From award-winning author Mitali Perkins comes an essential companion for writers, artists, and other makers who long for a more just world.
Why should we make art while injustice and suffering wreak havoc? How can we justify making beautiful things? Author Mitali Perkins isn’t afraid of hard questions about justice and art. She knows that the creative life can seem selfish. As the daughter of immigrants, she studied toward a career of eradicating poverty, and knows the internal voice that challenges: “How dare you retreat to your studio to create?”
But Perkins learned that writing fiction wasn’t setting aside her passion for a better world but pursuing it, and in the pages of Just Making, she offers a justice-driven perspective unique among books on creativity. “My ancestors are village Bengali women who made beautiful things but didn’t dare to dream of art as a career,” she writes. Women across the globe have crafted beauty and order amid chaos, war, and deprivation, and Perkins turns our attention to what we learn from them.
Just Making introduces us to strategies such as forgetfulness in flow, tenderness in trauma, and crossing borders. In conversation with creative guides like Nikki Grimes, Chad Somers, and Carol Aust, Perkins offers up practices and wisdom gleaned from other artists. Persevering through pushback from within and without, we can keep making art that heals human suffering, transmits truth, and confronts the oppressor.
Here are dispatches for young and not-so-young creatives, crafted by a writer committed to shalom: the flourishing of all. We must keep making art infused with truth, beauty, and goodness, Perkins claims, not to ignore a world in distress but for the sake of loving it. With vivid stories, practical ideas, and reflection questions, Just Making will inspire you to keep making beauty in a broken world.
Mitali Perkins has written many books for young readers as well as a couple for adults, including You Bring the Distant Near (nominated for the National Book Award) Rickshaw Girl (a NYPL best 100 Book for children in the past 100 years, film adaptation at rickshawgirlmovie.com), Bamboo People (an ALA Top 10 YA novel), and Forward Me Back to You, which won the South Asia Book Award for Younger Readers.
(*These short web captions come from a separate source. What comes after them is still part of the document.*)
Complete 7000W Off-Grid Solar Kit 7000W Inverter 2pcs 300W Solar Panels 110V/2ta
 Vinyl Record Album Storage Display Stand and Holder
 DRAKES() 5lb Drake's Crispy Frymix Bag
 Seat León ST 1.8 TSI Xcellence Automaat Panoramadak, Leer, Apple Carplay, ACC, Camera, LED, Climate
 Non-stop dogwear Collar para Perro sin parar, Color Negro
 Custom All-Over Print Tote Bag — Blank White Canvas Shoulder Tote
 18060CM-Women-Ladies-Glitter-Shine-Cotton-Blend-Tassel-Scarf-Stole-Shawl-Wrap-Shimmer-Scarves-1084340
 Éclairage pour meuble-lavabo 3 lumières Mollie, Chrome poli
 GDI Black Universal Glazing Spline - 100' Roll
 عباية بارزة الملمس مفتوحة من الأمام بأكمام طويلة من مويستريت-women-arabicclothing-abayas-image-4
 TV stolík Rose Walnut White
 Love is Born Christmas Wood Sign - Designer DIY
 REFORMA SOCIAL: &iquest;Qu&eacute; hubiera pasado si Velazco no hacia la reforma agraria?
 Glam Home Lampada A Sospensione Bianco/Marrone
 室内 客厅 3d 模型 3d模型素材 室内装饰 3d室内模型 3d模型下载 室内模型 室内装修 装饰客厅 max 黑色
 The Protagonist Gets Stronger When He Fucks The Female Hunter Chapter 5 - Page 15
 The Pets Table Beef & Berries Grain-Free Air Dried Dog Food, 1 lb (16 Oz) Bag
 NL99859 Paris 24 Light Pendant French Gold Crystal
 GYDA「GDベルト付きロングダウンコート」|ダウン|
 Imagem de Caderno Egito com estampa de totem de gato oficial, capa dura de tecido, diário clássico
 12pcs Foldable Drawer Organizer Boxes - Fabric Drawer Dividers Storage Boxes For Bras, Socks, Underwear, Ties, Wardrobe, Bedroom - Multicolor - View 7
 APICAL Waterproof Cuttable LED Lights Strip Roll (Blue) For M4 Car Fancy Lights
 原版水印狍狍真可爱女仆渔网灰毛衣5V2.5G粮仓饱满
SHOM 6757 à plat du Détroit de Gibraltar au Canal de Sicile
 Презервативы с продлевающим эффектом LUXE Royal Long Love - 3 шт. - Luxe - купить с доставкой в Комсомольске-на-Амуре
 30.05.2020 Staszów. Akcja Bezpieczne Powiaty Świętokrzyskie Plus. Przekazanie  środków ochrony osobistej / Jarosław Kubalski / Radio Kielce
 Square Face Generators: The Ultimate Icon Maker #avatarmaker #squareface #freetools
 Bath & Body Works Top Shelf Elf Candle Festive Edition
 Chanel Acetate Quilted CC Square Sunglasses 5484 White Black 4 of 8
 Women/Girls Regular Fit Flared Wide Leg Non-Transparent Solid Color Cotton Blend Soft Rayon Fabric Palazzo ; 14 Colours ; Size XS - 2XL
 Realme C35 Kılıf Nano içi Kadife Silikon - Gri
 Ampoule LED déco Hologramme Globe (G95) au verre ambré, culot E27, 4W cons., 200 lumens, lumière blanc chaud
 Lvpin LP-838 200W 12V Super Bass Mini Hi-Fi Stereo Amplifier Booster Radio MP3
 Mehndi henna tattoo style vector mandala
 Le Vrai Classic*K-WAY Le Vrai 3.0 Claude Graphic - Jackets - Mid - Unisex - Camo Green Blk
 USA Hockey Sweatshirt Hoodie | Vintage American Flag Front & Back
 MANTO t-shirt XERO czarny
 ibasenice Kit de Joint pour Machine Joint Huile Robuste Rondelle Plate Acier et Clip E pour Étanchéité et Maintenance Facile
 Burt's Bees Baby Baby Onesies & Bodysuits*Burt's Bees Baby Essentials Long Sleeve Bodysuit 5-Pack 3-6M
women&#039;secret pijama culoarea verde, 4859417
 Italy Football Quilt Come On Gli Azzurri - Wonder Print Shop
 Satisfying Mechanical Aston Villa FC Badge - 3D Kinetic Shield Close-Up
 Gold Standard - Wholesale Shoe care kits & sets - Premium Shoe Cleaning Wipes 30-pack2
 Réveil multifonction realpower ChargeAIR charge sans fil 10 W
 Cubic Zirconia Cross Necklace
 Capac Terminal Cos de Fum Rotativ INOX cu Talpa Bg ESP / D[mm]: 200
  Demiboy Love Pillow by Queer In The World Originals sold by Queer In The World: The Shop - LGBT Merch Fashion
Her newest novel, Hope in the Valley, received five starred reviews and was selected as a Best Book for Young Readers by Kirkus and Book Page. She currently writes and resides in the San Francisco Bay Area: mitaliperkins.com.
If you have ever wondered, "What is the point of making art when there is so much suffering in the world? What good can it possibly do?" This book may be for you.
In Just Making, Mitali Perkins draws on her life experience and her personal practices as an author to discuss the act of making art and how it relates to justice. She gives examples of how art helps to create, promote, and demand justice in society, and gives the reader practical advice on how overcome the challenges of being an artist in today's world.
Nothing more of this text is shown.